» **WORK REQUEST**
Every entry must reappear in your answer exactly as written, though its pictures must not.
*** Opening of INPUT DATA ***
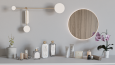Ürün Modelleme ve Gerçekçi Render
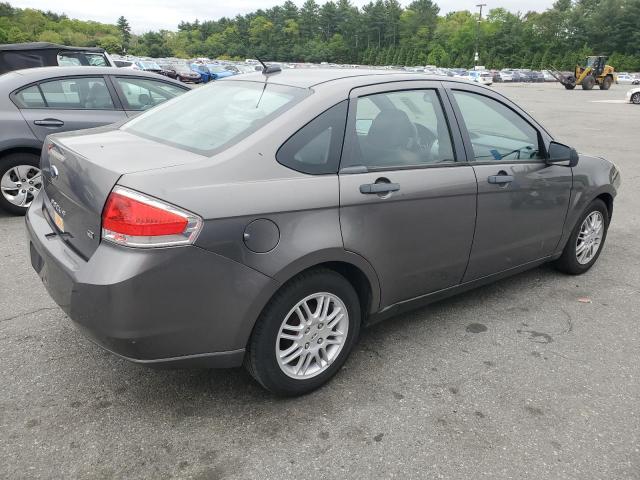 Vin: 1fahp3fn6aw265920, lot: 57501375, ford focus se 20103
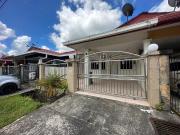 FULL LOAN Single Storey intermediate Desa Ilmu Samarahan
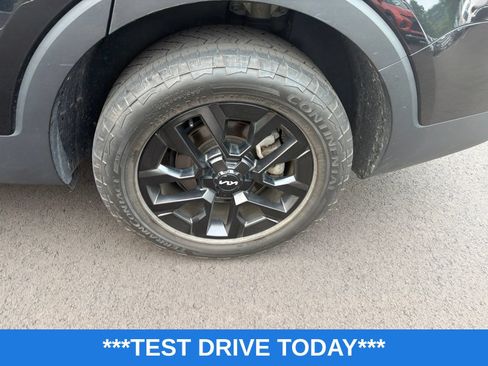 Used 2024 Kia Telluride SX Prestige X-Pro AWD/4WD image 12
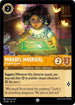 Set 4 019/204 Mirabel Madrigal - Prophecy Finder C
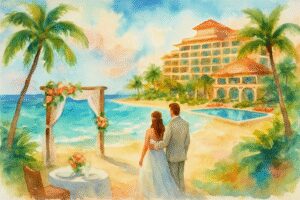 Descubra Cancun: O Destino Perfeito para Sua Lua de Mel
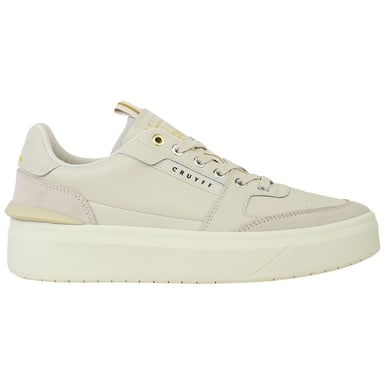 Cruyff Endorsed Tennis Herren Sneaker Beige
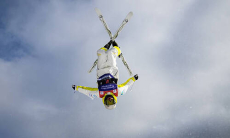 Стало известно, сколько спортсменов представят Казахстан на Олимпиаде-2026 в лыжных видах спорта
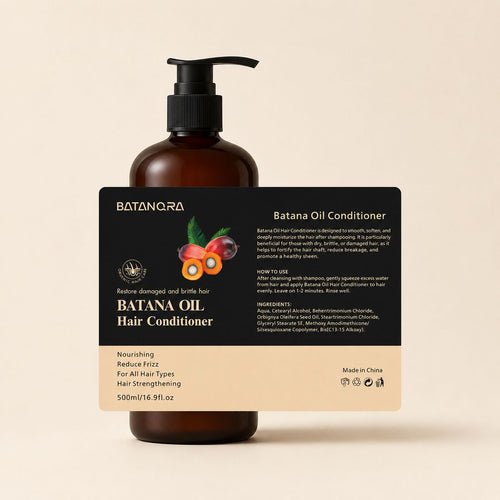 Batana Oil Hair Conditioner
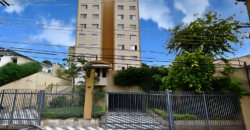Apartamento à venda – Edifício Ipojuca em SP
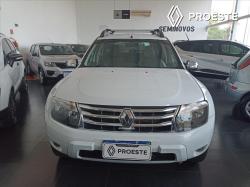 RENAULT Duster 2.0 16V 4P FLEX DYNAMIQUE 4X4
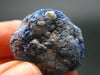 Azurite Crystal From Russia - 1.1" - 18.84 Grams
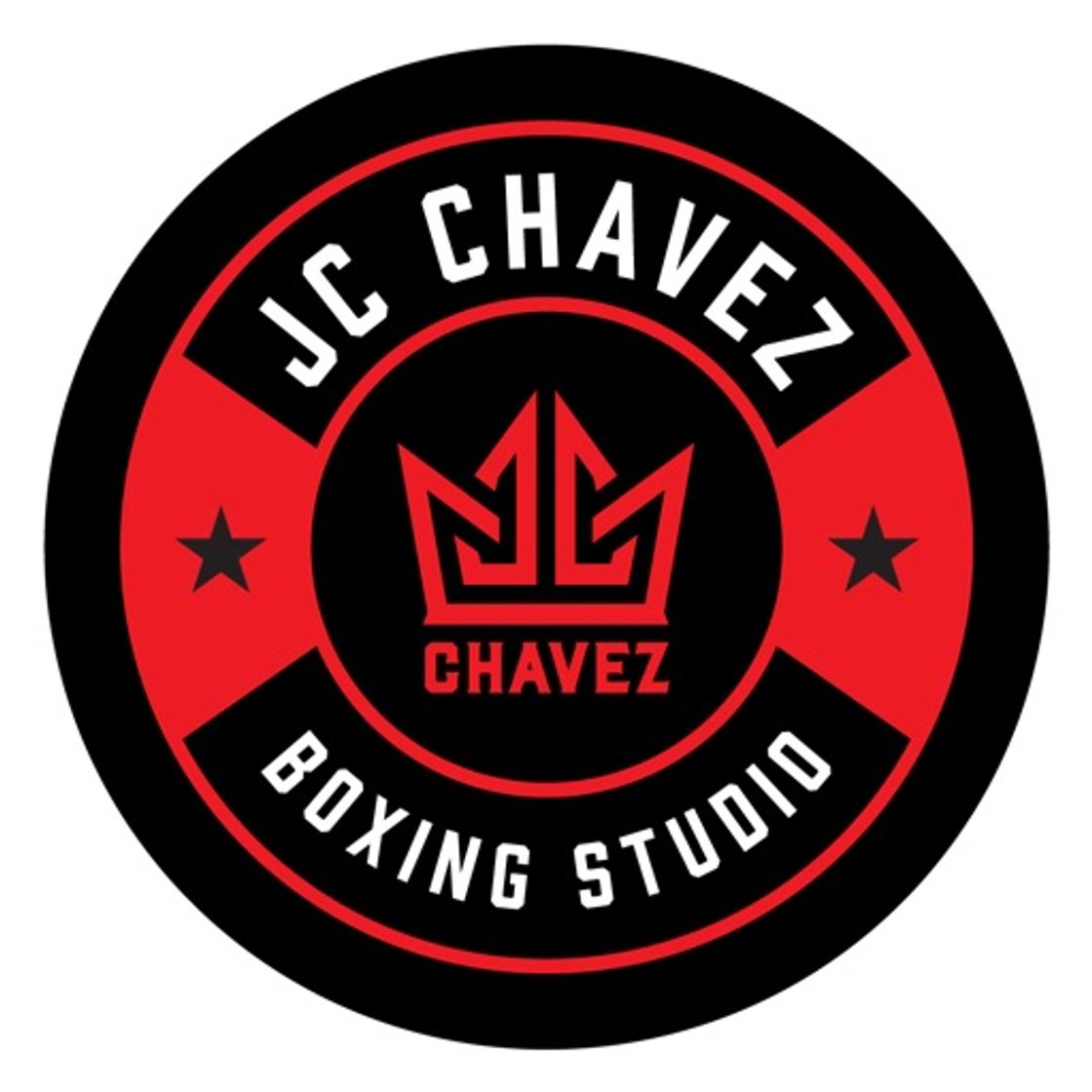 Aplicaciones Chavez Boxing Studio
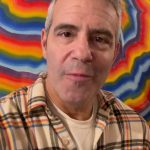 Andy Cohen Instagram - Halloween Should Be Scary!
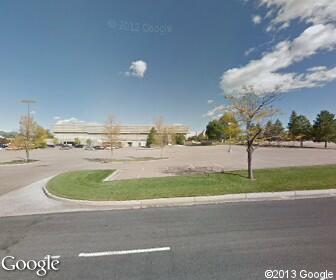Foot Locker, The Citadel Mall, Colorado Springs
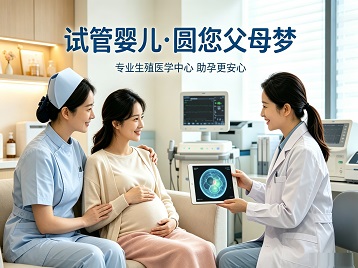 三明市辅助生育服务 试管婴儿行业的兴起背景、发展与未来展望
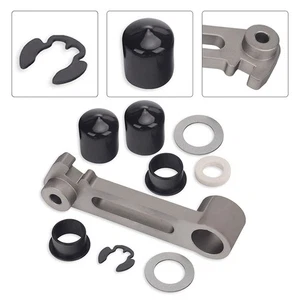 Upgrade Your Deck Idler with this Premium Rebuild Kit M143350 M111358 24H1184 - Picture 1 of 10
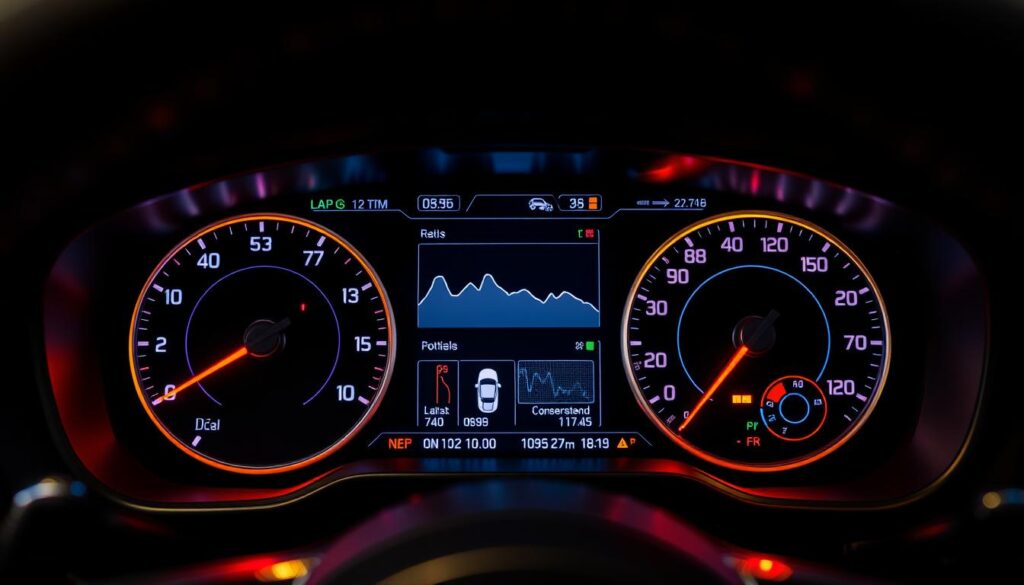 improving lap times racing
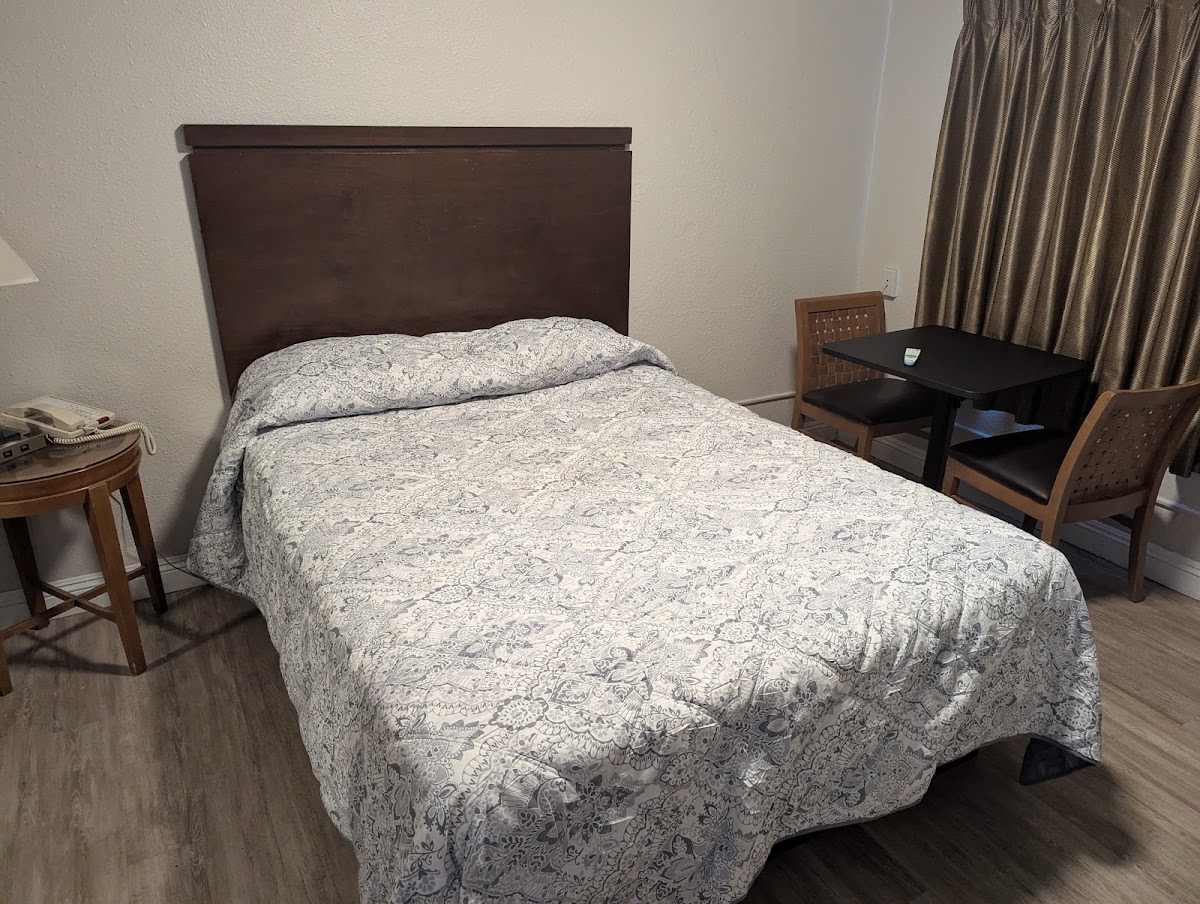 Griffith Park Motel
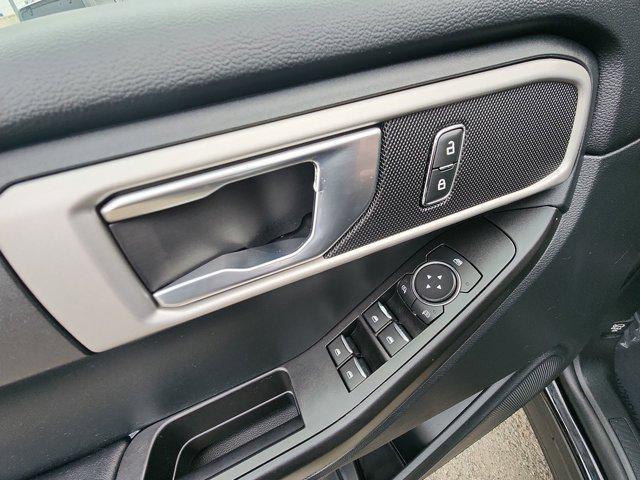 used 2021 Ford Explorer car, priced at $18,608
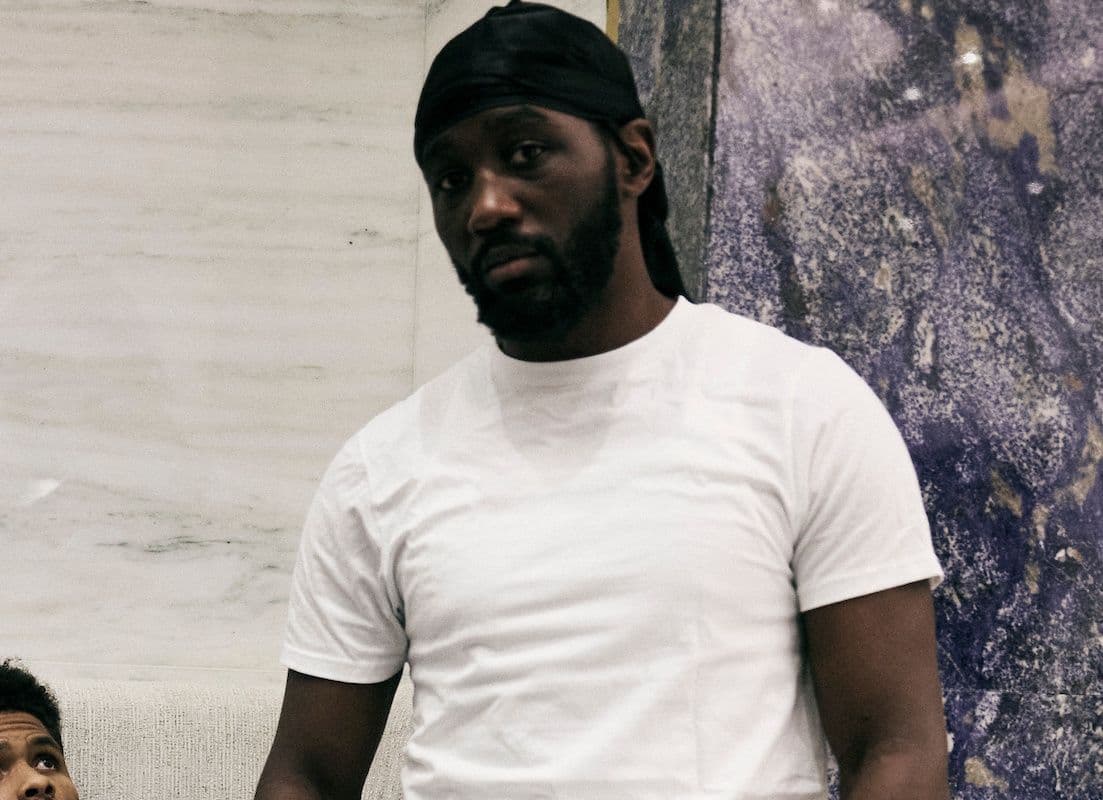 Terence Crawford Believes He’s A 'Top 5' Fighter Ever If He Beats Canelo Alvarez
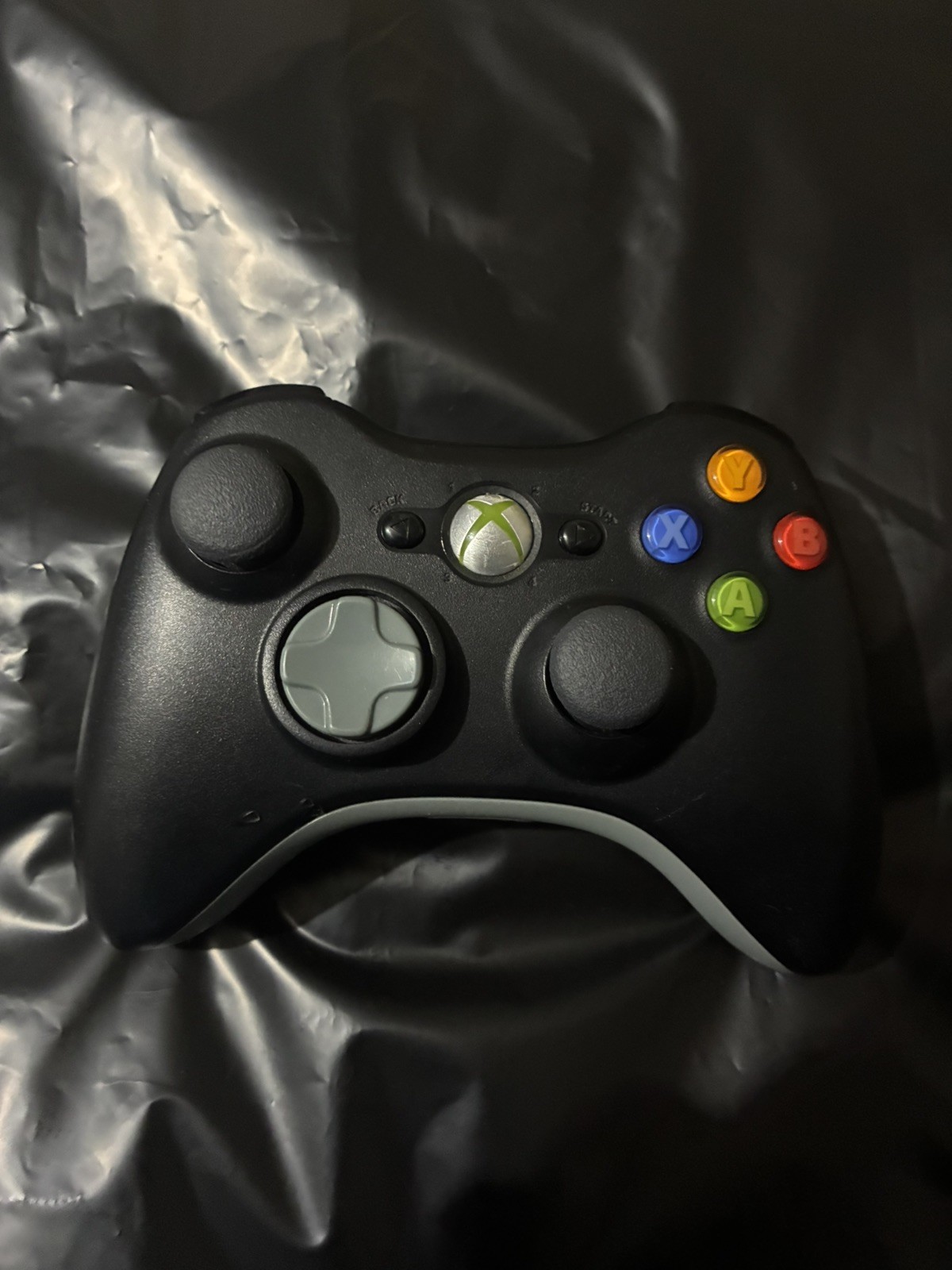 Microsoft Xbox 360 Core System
*** Close of INPUT DATA ***
» **ANSWER SECTION**
Ürün Modelleme ve Gerçekçi Render
 Vin: 1fahp3fn6aw265920, lot: 57501375, ford focus se 20103
 FULL LOAN Single Storey intermediate Desa Ilmu Samarahan
 Used 2024 Kia Telluride SX Prestige X-Pro AWD/4WD image 12
 Set 4 019/204 Mirabel Madrigal - Prophecy Finder C
 Descubra Cancun: O Destino Perfeito para Sua Lua de Mel
 Cruyff Endorsed Tennis Herren Sneaker Beige
 Стало известно, сколько спортсменов представят Казахстан на Олимпиаде-2026 в лыжных видах спорта
 Batana Oil Hair Conditioner
Apartamento à venda – Edifício Ipojuca em SP
 RENAULT Duster 2.0 16V 4P FLEX DYNAMIQUE 4X4
 Azurite Crystal From Russia - 1.1" - 18.84 Grams
 Aplicaciones Chavez Boxing Studio
 Andy Cohen Instagram - Halloween Should Be Scary!
Foot Locker, The Citadel Mall, Colorado Springs
 三明市辅助生育服务 试管婴儿行业的兴起背景、发展与未来展望
 Upgrade Your Deck Idler with this Premium Rebuild Kit M143350 M111358 24H1184 - Picture 1 of 10
 improving lap times racing
 Griffith Park Motel
 used 2021 Ford Explorer car, priced at $18,608
 Terence Crawford Believes He’s A 'Top 5' Fighter Ever If He Beats Canelo Alvarez
 Microsoft Xbox 360 Core System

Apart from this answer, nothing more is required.